Funded by the CIA, the freedom fighters were headed by Manuel Artime and operated from a 180-foot mother ship with two 50-foot attack boats and training camps in Nicaragua and Costa Rica.

At the Freedom Tower, where countless thousands of Cuban exiles were processed after arriving on freedom flights from the island, the images reflect the determined spirit of many of the fighters, who never gave up the hope of liberating their homeland.

For example, pictures portray Bay of Pigs veterans preparing an assault on Cuba by loading ammunition into 50-caliber machine guns on a Swift Boat. Other images depict a dozen men aboard one of the Swift Boats as they depart the mother ship for a mission.

"A lot of that equipment was new and had never been used by the U.S. Army before, and it was sort of like a testing ground for what was soon to happen in Vietnam," Nickless observes. "My last mission with the group came in February of 1965, when we tried to recover some infiltrators from a small harbor in Pinar del Río. But it turned out to be a trap by the Cuban military, who were lying in an ambush for us. We ended up having to travel the 720 miles to Nicaragua for fear their air force would bomb the mother ship if we led them there."

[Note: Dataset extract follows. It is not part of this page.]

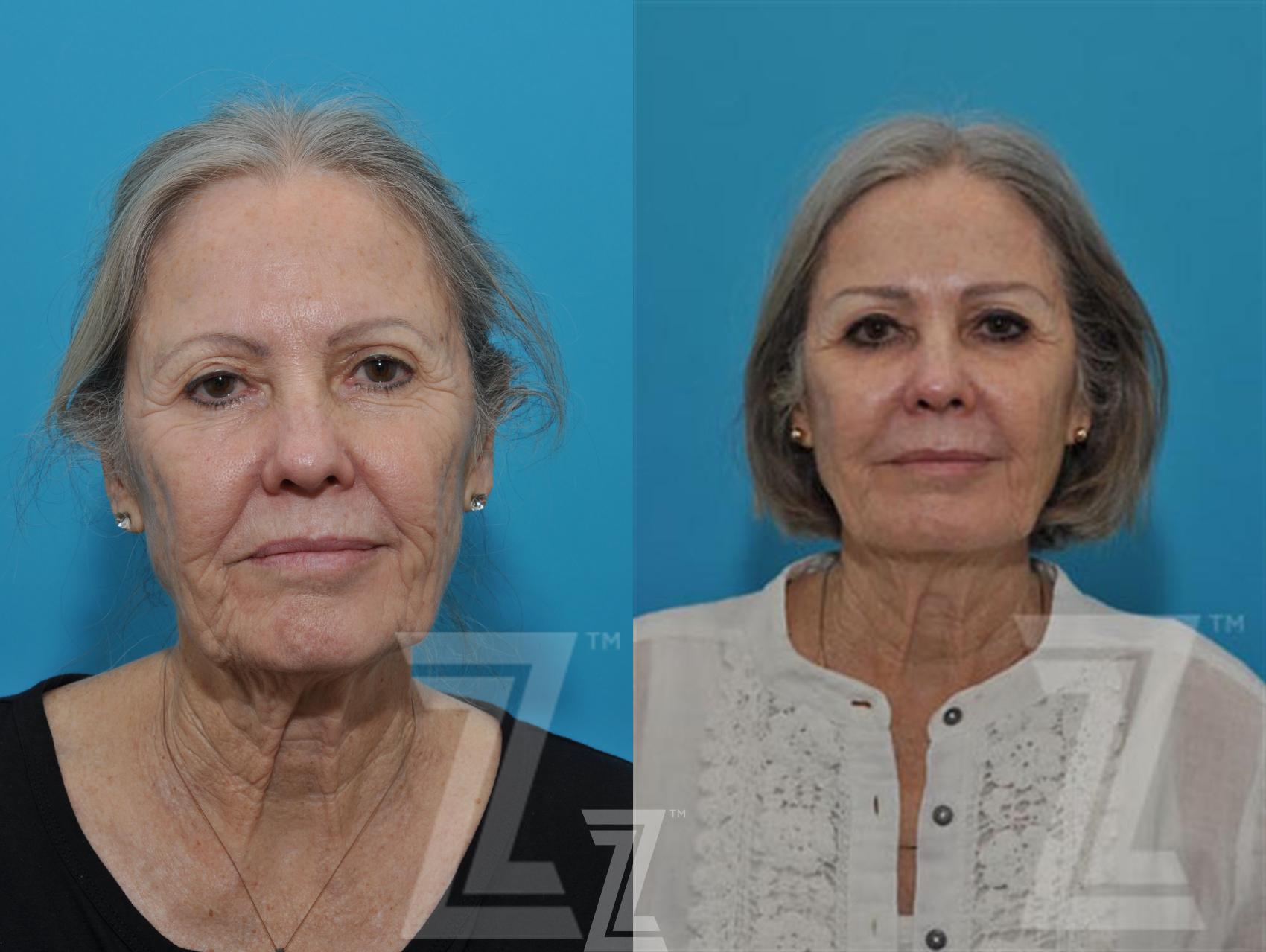 Sculptra® Before & After Photo | Austin, TX | The Piazza Center for Plastic Surgery & Advanced Skin Care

He says that following President John F. Kennedy's assassination, covert funds for the clandestine operations ended.

"Much later, around 1974, I interviewed Manuel Artime for NBC. I remember him telling me that 'when they killed Kennedy, they killed us.' Artime died of cancer in 1978," Nickless says.

The exhibit was organized and curated by Nickless's children, Lea and Chris, who wanted to share their father's legacy with the public.

"The word embedded wasn't part of our vocabulary back then," Nickless mentions. "But that's what the experience was for me. I didn't seek special treatment in the training camps and would sleep on the same army cots as the resistance fighters, get up and have breakfast, and do calisthenics with them before taking my photos. You can say I learned more about Cuban food than I wanted to."

It's a historical moment of enduring impact for many South Floridians whose scars from that period have yet to heal.